-- Task brief --
Print exactly the lines that run from the first line of the material to the line containing "The Shearfield Haze, 2.7", both ends included, and skip the pictures.
*** Exercise input ***
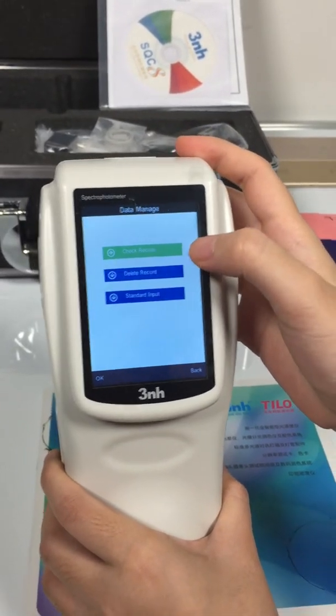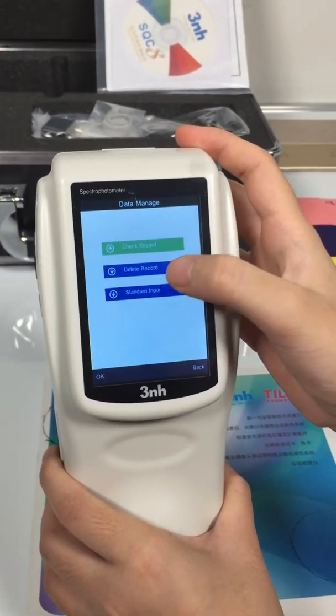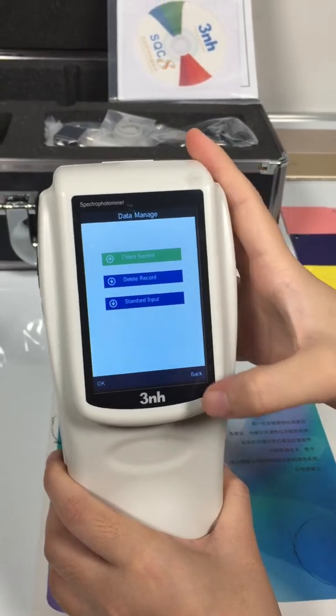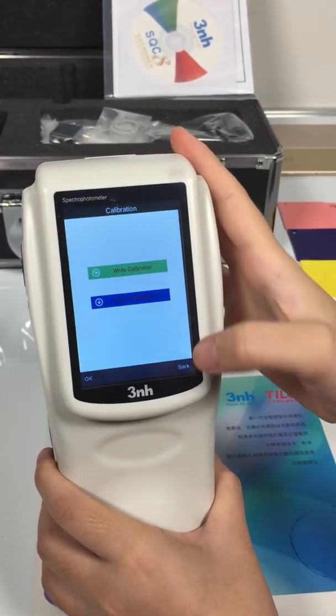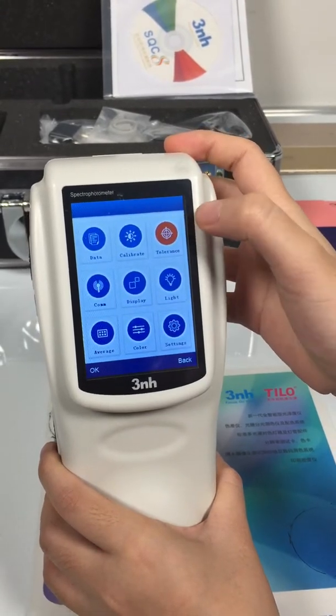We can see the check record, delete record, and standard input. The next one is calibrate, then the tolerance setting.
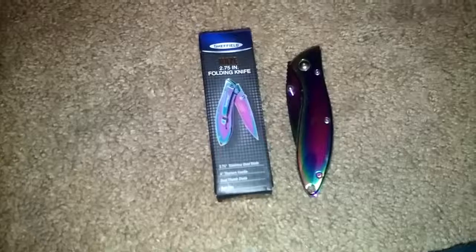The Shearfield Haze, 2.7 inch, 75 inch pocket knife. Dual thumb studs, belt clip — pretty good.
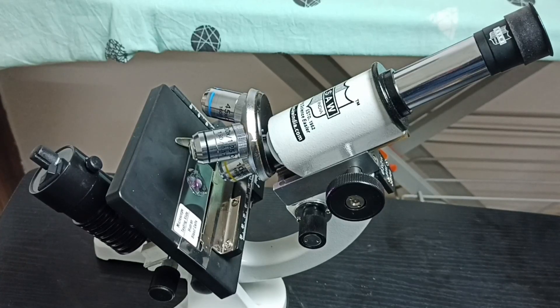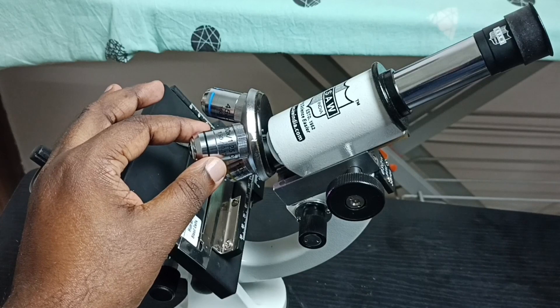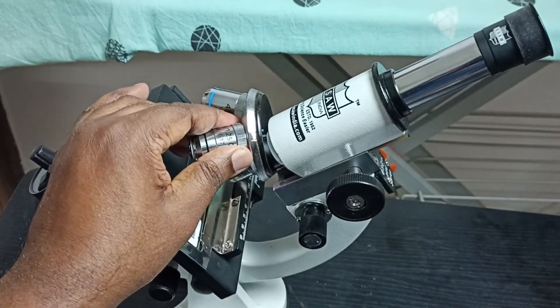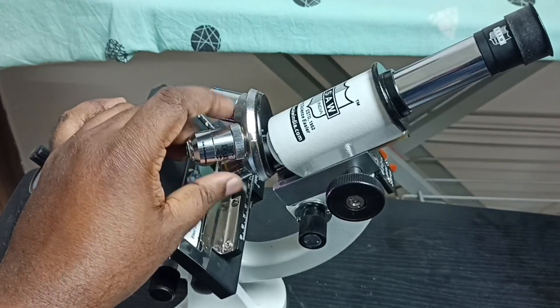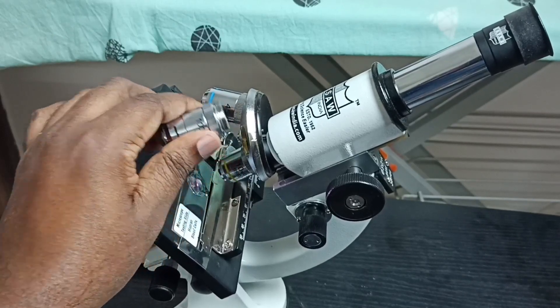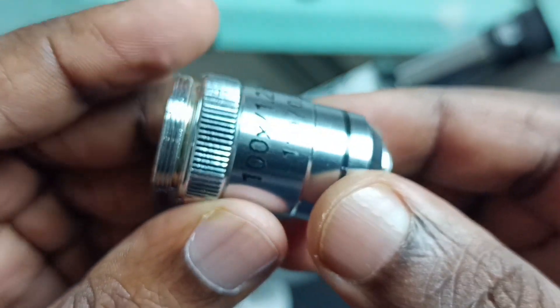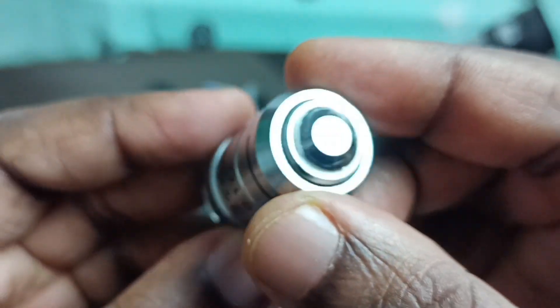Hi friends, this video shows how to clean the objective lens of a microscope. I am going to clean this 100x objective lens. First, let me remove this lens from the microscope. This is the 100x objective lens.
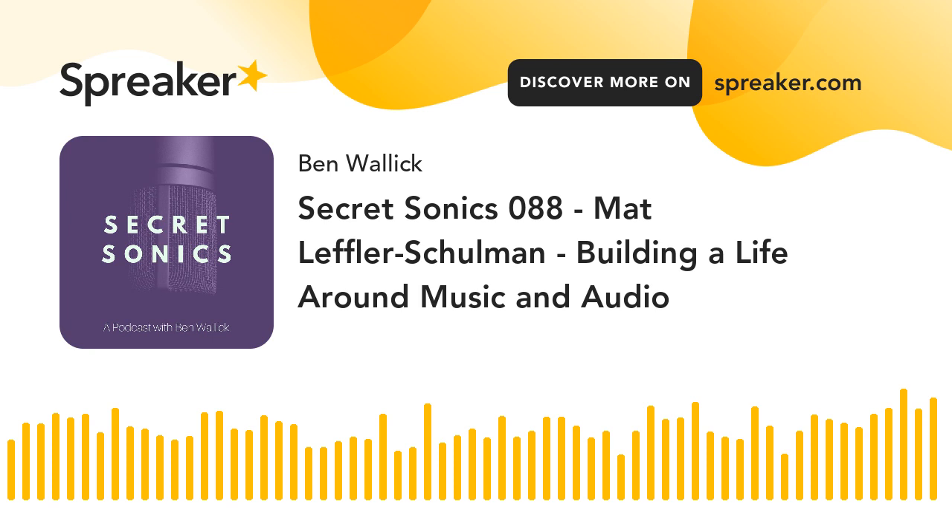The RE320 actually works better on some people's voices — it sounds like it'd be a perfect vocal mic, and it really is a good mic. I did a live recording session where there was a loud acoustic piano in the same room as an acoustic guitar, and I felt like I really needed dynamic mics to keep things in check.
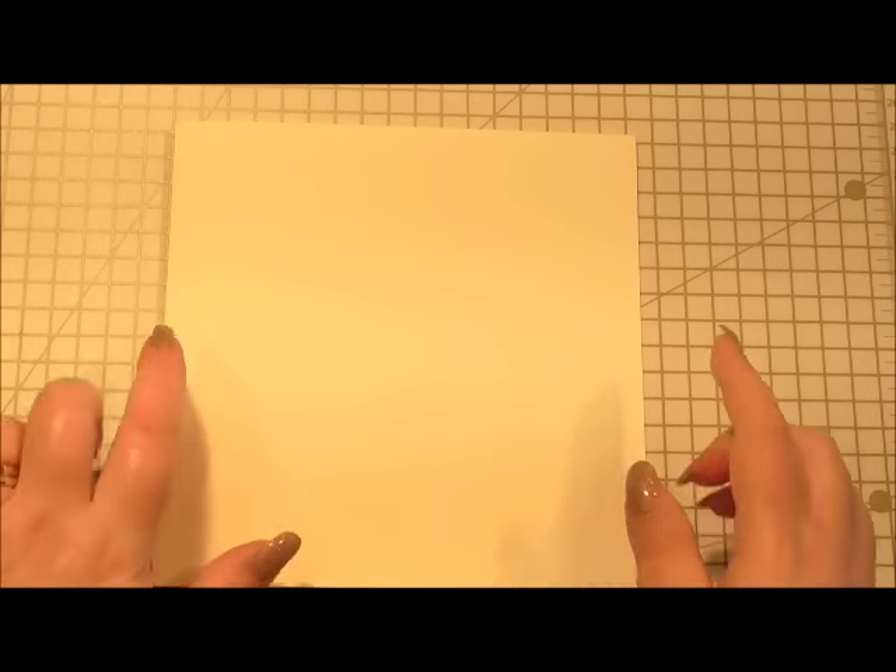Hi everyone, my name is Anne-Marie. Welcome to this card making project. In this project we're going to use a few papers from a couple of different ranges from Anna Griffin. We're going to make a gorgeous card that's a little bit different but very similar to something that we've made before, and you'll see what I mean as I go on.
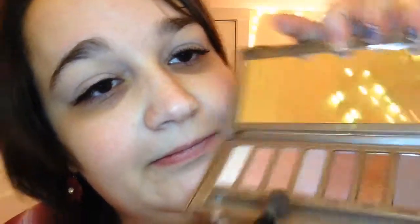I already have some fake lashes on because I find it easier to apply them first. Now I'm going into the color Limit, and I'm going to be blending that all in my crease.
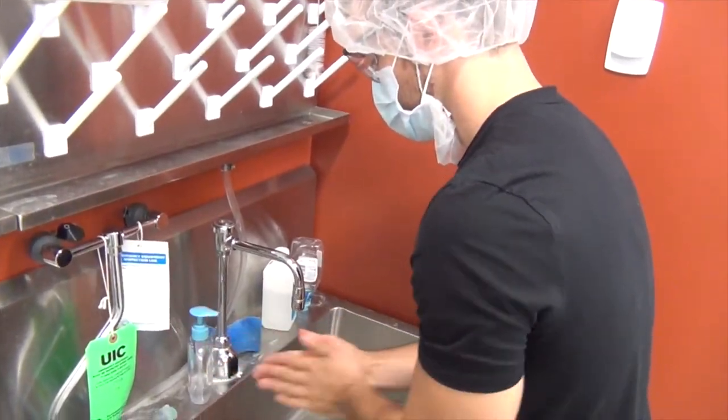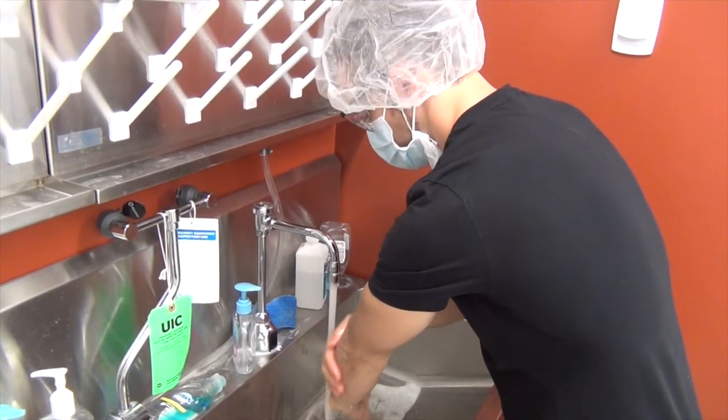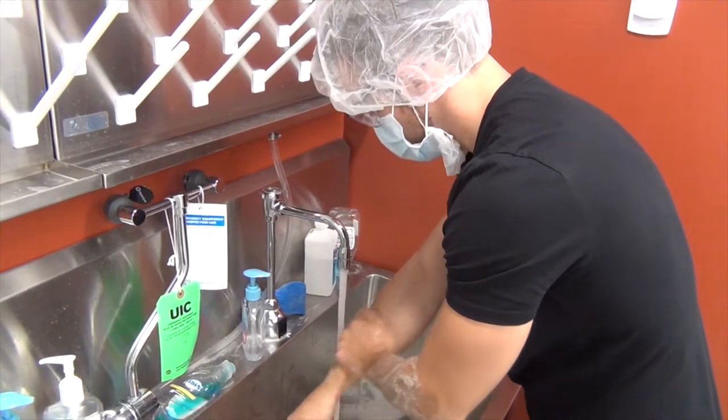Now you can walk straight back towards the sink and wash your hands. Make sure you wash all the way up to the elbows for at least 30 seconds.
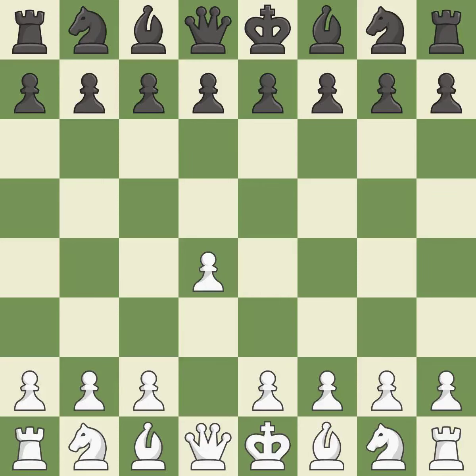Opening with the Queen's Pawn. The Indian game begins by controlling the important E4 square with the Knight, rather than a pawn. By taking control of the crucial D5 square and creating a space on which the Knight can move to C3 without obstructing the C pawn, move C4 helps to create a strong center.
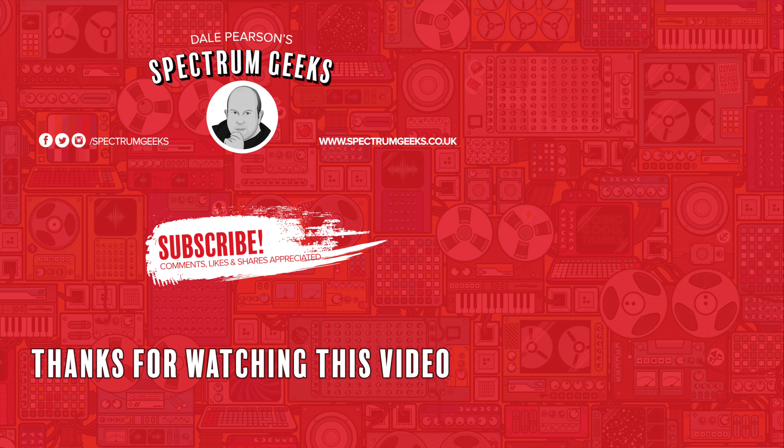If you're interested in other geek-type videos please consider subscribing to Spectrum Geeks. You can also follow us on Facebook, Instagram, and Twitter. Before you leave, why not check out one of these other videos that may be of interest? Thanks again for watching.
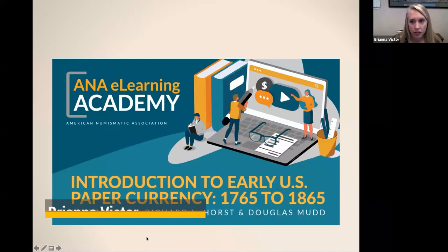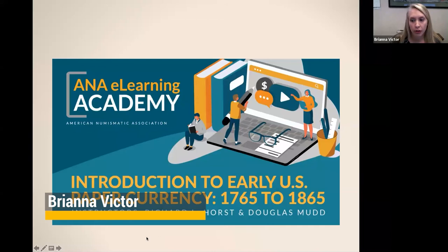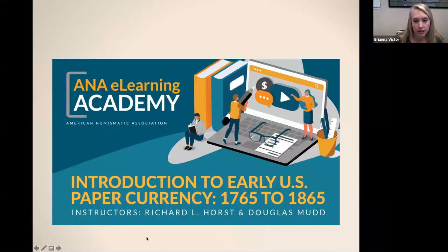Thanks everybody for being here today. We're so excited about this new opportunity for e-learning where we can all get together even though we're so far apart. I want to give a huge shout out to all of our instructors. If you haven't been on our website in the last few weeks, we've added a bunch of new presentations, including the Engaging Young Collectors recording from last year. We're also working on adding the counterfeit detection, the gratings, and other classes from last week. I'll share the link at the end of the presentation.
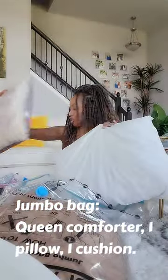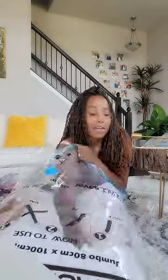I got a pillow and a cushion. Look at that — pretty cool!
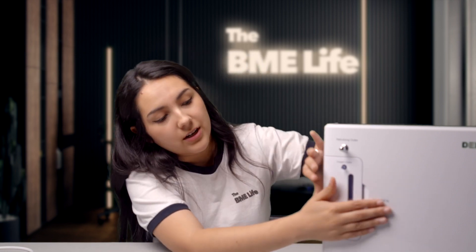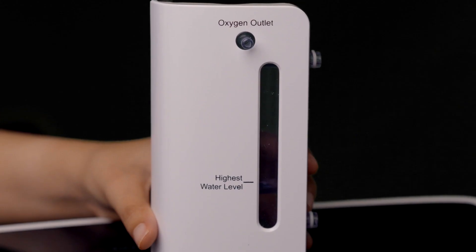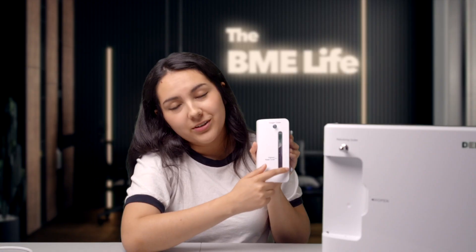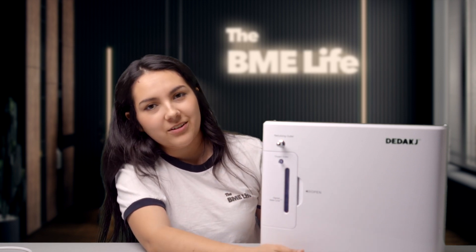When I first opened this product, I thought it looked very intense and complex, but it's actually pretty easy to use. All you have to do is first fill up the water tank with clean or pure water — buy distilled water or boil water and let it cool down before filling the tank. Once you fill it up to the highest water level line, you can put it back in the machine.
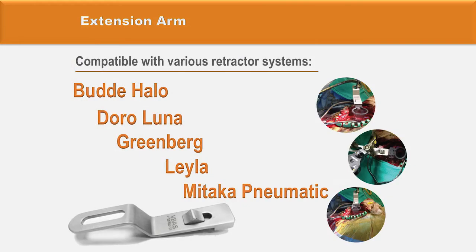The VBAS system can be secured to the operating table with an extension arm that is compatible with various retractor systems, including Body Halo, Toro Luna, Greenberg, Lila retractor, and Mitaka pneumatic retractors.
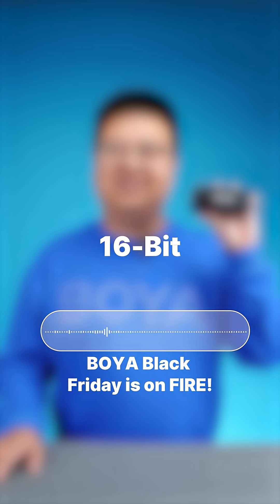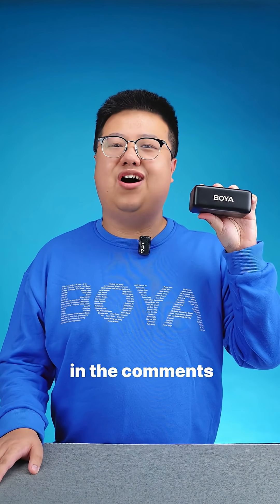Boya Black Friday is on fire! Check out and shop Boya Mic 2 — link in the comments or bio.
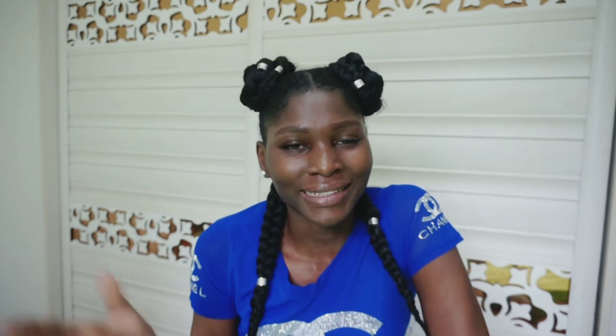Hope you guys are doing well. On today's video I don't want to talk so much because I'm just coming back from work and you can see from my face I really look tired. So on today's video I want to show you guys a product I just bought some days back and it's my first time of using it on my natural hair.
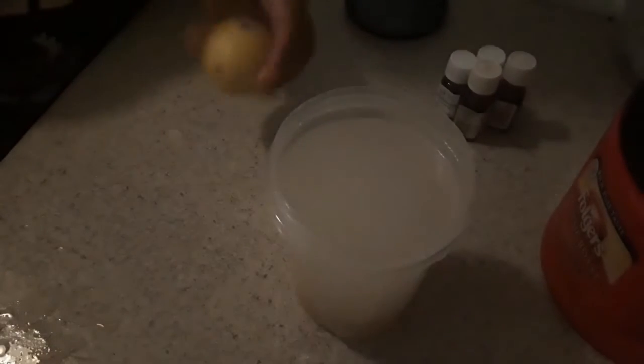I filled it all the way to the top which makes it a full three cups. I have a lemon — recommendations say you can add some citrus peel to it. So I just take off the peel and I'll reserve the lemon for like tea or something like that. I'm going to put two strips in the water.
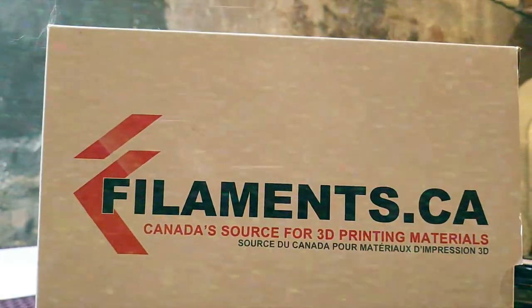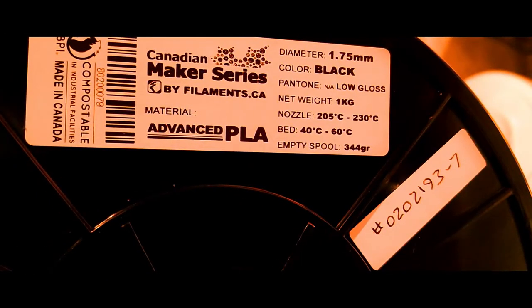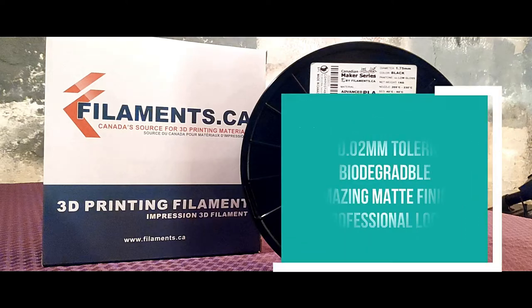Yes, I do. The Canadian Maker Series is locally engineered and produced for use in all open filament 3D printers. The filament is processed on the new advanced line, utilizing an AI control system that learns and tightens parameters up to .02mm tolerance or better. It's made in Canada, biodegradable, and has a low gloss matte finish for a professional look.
*** End of Exercise input ***
-- Answer for this exercise --
We can see the check record, delete record, and standard input. The next one is calibrate, then the tolerance setting.
The Shearfield Haze, 2.7 inch, 75 inch pocket knife. Dual thumb studs, belt clip — pretty good.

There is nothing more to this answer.